Your assignment:
All lines below must be repeated exactly, with the pictures omitted.

Given material:

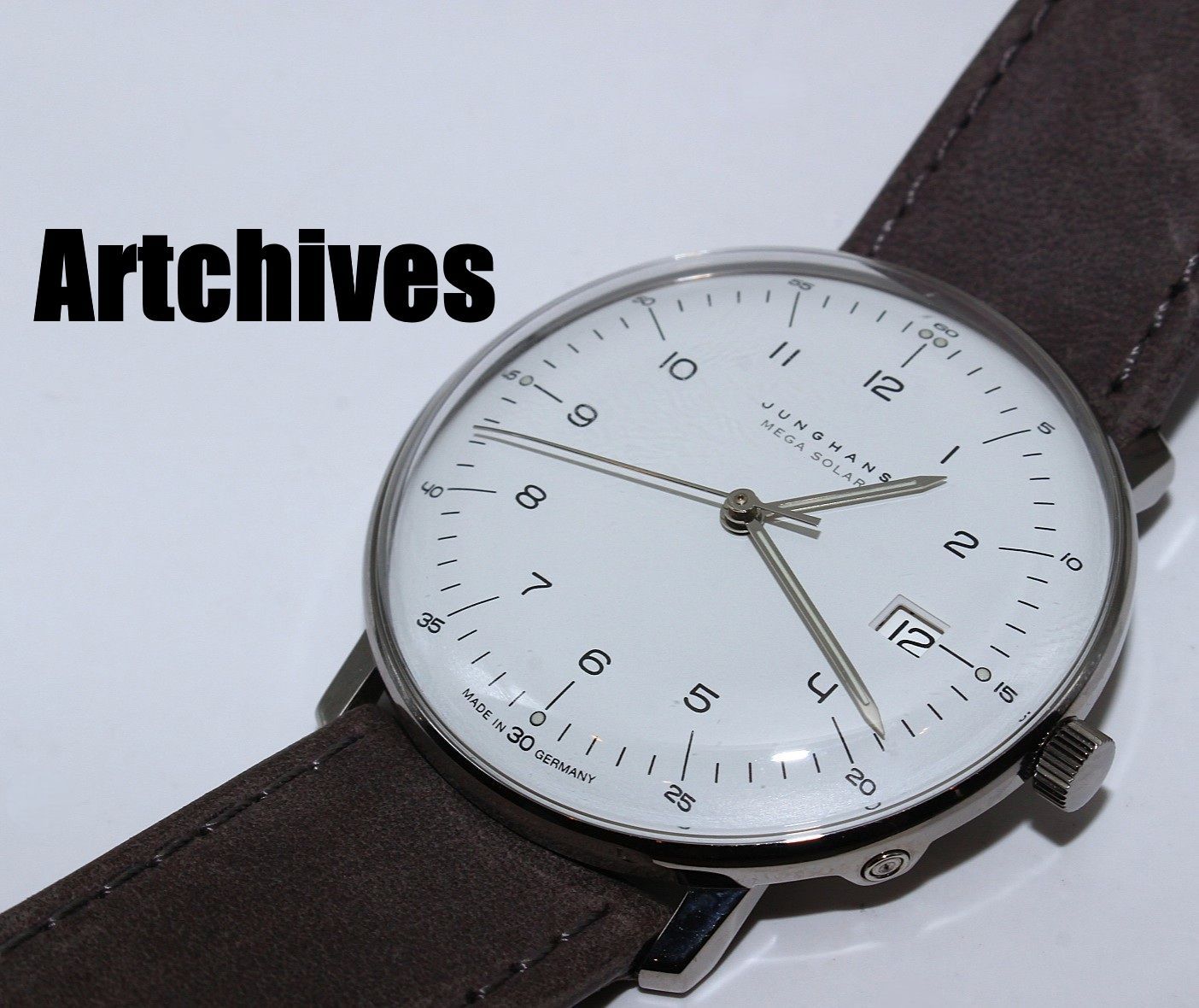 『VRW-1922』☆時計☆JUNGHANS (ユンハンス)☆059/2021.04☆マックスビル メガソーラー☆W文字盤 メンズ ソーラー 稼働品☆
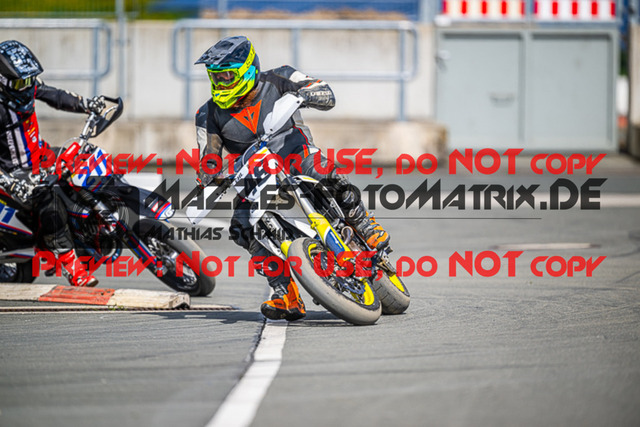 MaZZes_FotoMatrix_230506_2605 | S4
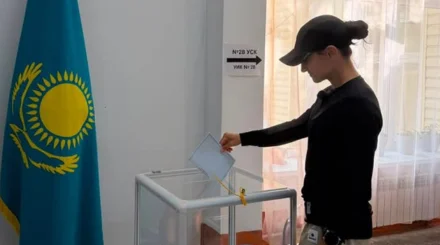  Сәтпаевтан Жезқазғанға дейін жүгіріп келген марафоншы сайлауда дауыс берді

Response area:
 『VRW-1922』☆時計☆JUNGHANS (ユンハンス)☆059/2021.04☆マックスビル メガソーラー☆W文字盤 メンズ ソーラー 稼働品☆
 MaZZes_FotoMatrix_230506_2605 | S4
  Сәтпаевтан Жезқазғанға дейін жүгіріп келген марафоншы сайлауда дауыс берді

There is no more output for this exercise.